The scripts you can't read are probably .RBS instead of .RB. They are scrambled by the writer so others can't edit them. GSU evidently doesn't support scrambled Rubies but SU5Pro does.

Hope that helps.


----------



## SketchUp Guru (24 May 2006)

Here's an example of the part of the script that tells you where the script will be accessed. I copied if from your Fillet post. the part in bold text is the part you want to see. You could change Plugins to Tools for example and FilletTool would appear in the Tools menu.
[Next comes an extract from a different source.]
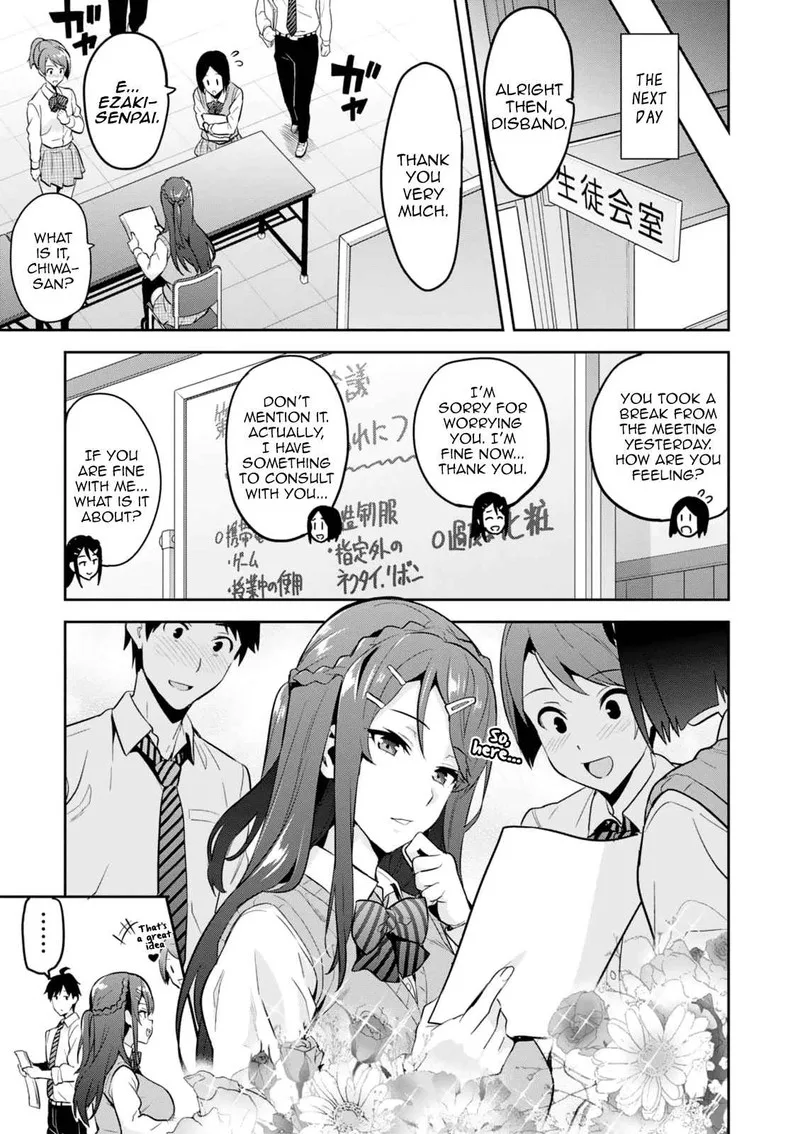 Maken-ki Chapter 103.5 page 14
You can simply edit the text and save the file to make this happen.

end # of class FilletTool 
#---------------------------------------------------------------------------- 
def frametool 
Sketchup.active_model.select_tool FilletTool.new 
end 

if( not file_loaded?("FilletTool.rb") ) 
*UI.menu("Plugins").add_item("FilletTool")* { Sketchup.active_model.select_tool FilletTool.new } 
end 
#----------------------------------------------------------------------------- 
file_loaded("FilletTool.rb") # load"FilletTool.rb"


----------



## Alf (24 May 2006)

Steve Maskery":1430ehyf said:


> PS As an aside, does anyone know why it takes Microsoft half an hour to seach my little PC whilst Google can seach the entire planet in a millisecond?
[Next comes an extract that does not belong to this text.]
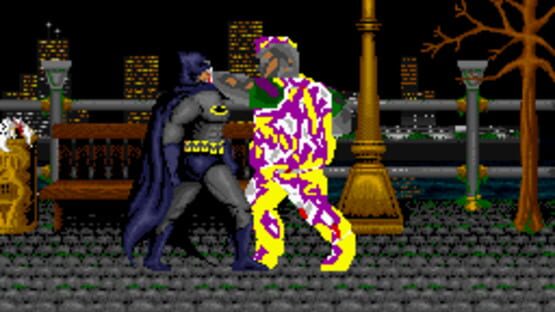 Screenshot for Batman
It's 'cos the entire planet reformats regularly...


----------



## Steve Maskery (24 May 2006)

Dave,
Yes, that's my understanding, too.

But I have, in the plugins menu, "Copy long path". It doesn't seem to do anything I shall ever need, so I'd like to get rid of it. None of the scripts in the Plugins directory contain the string "Copy along path", so I can't find out which particular script to remove.

Is that any clearer?

Cheers
Steve


----------



## SketchUp Guru (24 May 2006)

Yes, that is clearer. Let me investigate.


----------



## SketchUp Guru (24 May 2006)

Got it!

Look for pathcopy.rb and delete that. Actually, before you delete it, open it and scroll to the bottom. You'll see the menu entry.

If you are getting rid of it, also get rid of vector.flat_angle.rb and pathcopy cursor.png. They are associated with pathcopy.rb

If you don't want to delete these because you might want them later, change pathcopy.rb to pathcopy.rb.txt and it won't appear in the menu.


----------



## Steve Maskery (24 May 2006)

Thanks Dave. Great.
I'm still puzzled though - I don't seem to have vector.flat_angle.rb and pathcopy cursor.png at all (at least, I can't find them) and I still don't understand why my Windows search didn't find the string "Copy along path" when I asked it to look inside the files. 
Please don't tell me to buy a Mac. Apart from anything else, I haven't got time to go shopping for new computers, I'm too busy reformatting.

If you can't beat 'em...
Hey ho.

Cheers
Steve


----------



## SketchUp Guru (24 May 2006)

Maybe those other files aren't there. I was looking on a Ruby library site and found a zip file that included all three of those files. I just assumed you picked up the script there. Or maybe you did but only extracted the pathcopy.rb script.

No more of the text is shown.